I liked this book and learned something from it. Still, being a huge Lampoon fan (I still have my collection of the classic mags through the mid 70's) I thought I'd love it, but found it somewhat workmanlike. Stein takes too many detours (SNL, other TV and movie projects) that, while certainly part of the story, don't require the space she gives them. And some pictures of the colorful cast of characters here would have been a helpful, welcome addition. If you're old enough to remember Tarzan of the Cows, Jessica Christ and Foto Funnies, you're probably going to want to read this (and Mr.
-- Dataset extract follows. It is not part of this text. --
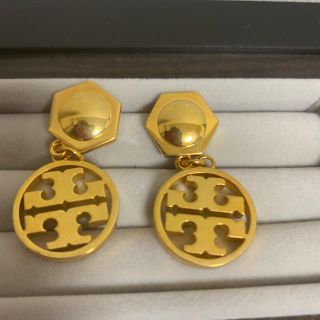 トリーバーチ(Tory Burch)のTORY BURCH(ピアス)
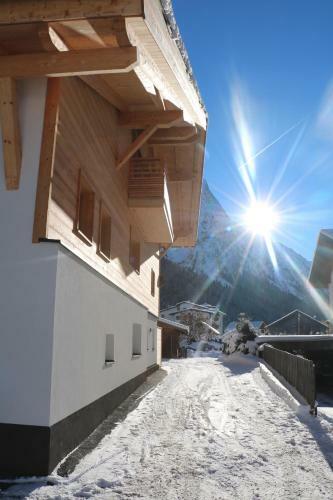 G�stehaus Auer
Mike, a book I remember enjoying more).
Probably the best book about the National Lampoon and the various offshoots and parallel universes--Saturday Night Live, Kentucky Fried Theater, Channel One, the video collective TVTV, etc.--that defined a decade in fringe comedy that was on its way to taking over the mainstream. Stein doesn't have the insider's perspective that define the best parts of Tony Hendra's memoir/critical study Going Too Far, but in a way, that's a blessing: she has no feuds to settle and has a clear, objective take on the golden-age Lampoon's sometimes unfocused attempts to grapple with racial and gender stereotypes that was beyond the author of "Dragula" and "Jessica Christ."